| Task instructions |
In the listing beneath this line, copy exactly the lines starting with the one containing "Best Emergency Wisdom" and going on through the one containing "Изрображение 'В Фергане".

| Task material |

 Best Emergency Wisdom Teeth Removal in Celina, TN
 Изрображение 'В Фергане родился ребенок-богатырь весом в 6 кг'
==
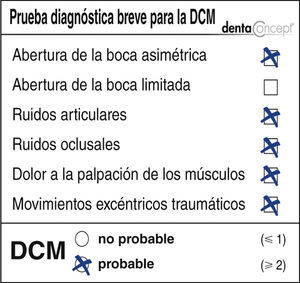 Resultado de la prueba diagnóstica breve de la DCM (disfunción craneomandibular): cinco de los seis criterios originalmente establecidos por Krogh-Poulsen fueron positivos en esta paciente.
--
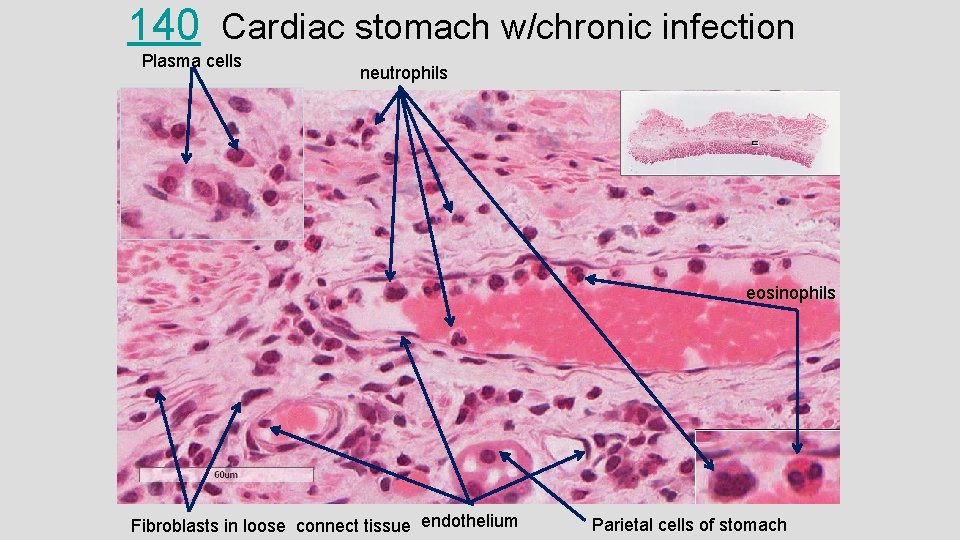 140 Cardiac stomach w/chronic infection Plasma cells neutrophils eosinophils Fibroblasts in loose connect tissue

| Task answer |
 Best Emergency Wisdom Teeth Removal in Celina, TN
 Изрображение 'В Фергане родился ребенок-богатырь весом в 6 кг'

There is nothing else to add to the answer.